When taharah was a priority stone kelim were used. So for example in the preparation of the ashes of the red heifer,
Mishna Poroh 3(2)
ומביאין שוורים, ועל גביהן דלתות, ותינוקות יושבין על גביהן, וכוסות של
אבן בידם
And oxen were brought, and on their backs [were laid] doors on top of
which sat children with cups of stone in their hands.
But for other uses, earthenware (=pottery) could be used as you suggest.
For example the meat of the sin offering could be cooked in earthenware pots Vayikro 6(21)
“An earthenware vessel in which it is cooked shall be broken”
In another example Bamidbor 5(17) the Torah requires an earthenware vessel for administering the waters for the suspected adulteress.
“The kohen shall take holy water in an earthen vessel”
An earthenware vessel that becomes tomeh has to be broken as it says in Vayikro 11(33)

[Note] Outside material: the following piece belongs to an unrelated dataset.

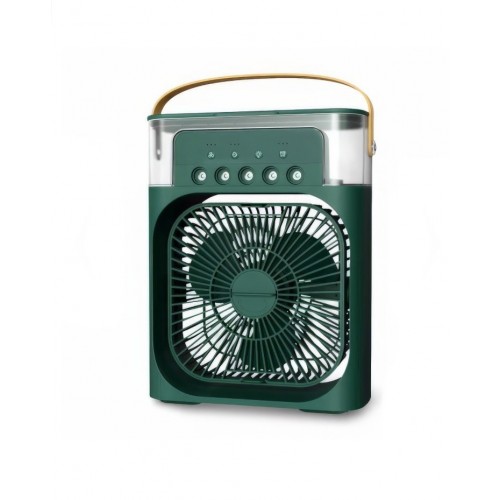 Портативний настільний міні-кондиціонер зволожувач вентилятор Arctic Air Cooler 4в1 Fan LED Зелений Портативний настільний міні-кондиціонер зволожувач вентилятор Arctic Air Cooler 4в1 Fan LED Зелений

But any earthenware vessel, into whose interior any of them falls,
whatever is inside it shall become unclean, and you shall break [the
vessel] itself.
The Leviim would not want to become tomeh because they could not enter the Temple in that state. Some people (even Yisroelim) were careful to eat all their food in a state of taharoh (see this Wikipedia article and so they might want to limit their tomeh vessels to those essential for their (inevitable) days of tumah.